It was bad enough that several thousand American lives have been sacrificed to this endeavor, along with a trillion dollars. It remains to be generally recognized how massive the Iraqi losses (perhaps hundreds of thousands of lives) have been at the hands of American power ever since the Persian Gulf War of 1990-1991 (with the decade-long economic sanctions thereafter that were followed eventually by the 2003 Intervention). It should not surprise us that suicidal measures against the United States could be promoted by such treatment. That is, the Iraqi people, for a quarter-century now, may have suffered much more at our hands than they did even from the brutal Saddam Hussein regime.

The follies of our most recent past can remind us of other, perhaps even more serious, follies in our history. Particularly destructive, of course, was that incredible folly, the First World War, which severely damaged the Western World and opened the way to the murderous regimes of Josef Stalin and Adolf Hitler. The “good war” that had to be fought thereafter was preceded by a series of appeasements in Europe which may even have taught decent people the wrong lessons (against diplomacy) since the Second World War. A harbinger of our Iraqi folly was what happened in Korea in 1950-1953. A Police Action, authorized by the United Nations, permitted the repulse of the June 1950 North Korean invasion of South Korea. But, unfortunately, our leaders were not satisfied with driving the invaders back across the 38th Parallel. Their push up to the Yalu River virtually invited a Chinese intervention which poisoned relations between the United States and China for a generation thereafter.  One consequence of all this is that the United States has maintained a substantial military force in South Korea for six decades. There may be seen, in this escalation of the initial relatively modest 1950 mission, an anticipation of the escalation of the First Gulf War (repelling the August 1990 Iraqi invasion of Kuwait) into the 2003 Intervention which could trap the United States in Iraq for a generation.

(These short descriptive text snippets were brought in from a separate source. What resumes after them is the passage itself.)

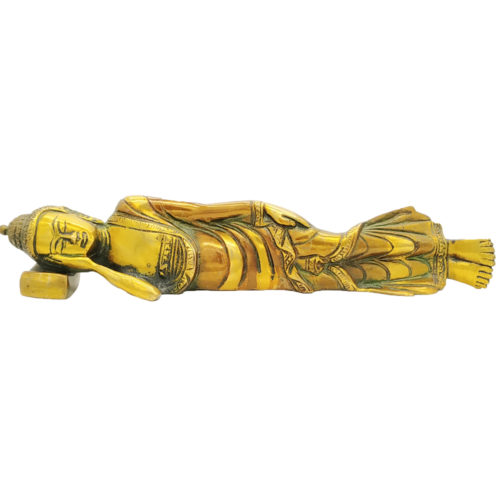 Brass Sleeping Buddha Statue Home Decor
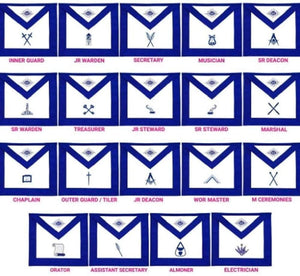 Masonic Blue Lodge Officers Aprons Variations - Set of 19 | Regalia Lodge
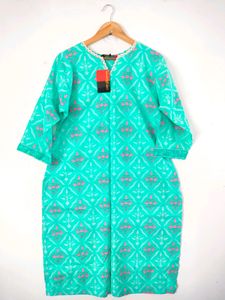 Cyan Printed Casual Kurta (Women's)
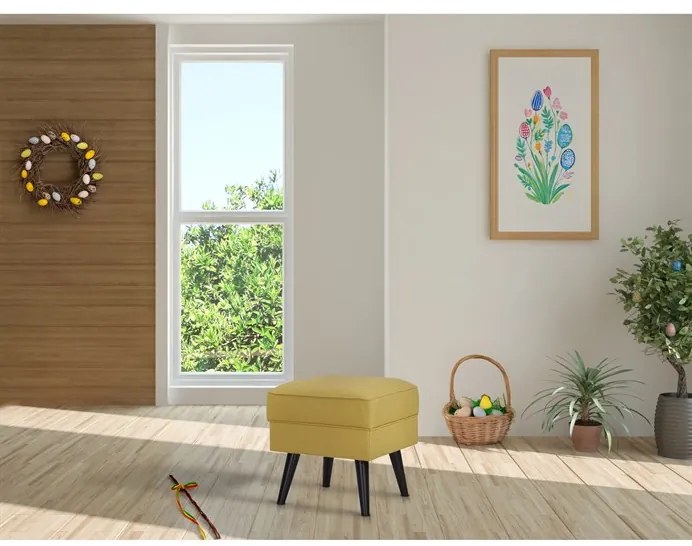 Lábtartó Zsámoly, sárga szövet kárpittal, bükkfa lábakkal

Then there was, in this catalogue of Interventionist follies, the decade-long effort we made in Vietnam, somehow having been induced to try to clean up the mess left by the French as a Colonial Power. Some fifty-thousand American lives were lost there, and many more Vietnamese. Much was heard then about “falling dominoes” and about a need to head off an imperialistic China. I have recently noticed reports, however, not only of hundreds of millions of dollars having already been invested by American corporations in Vietnam but even of a tacit alliance between the United States and a “Marxist” Vietnam against a threatening China.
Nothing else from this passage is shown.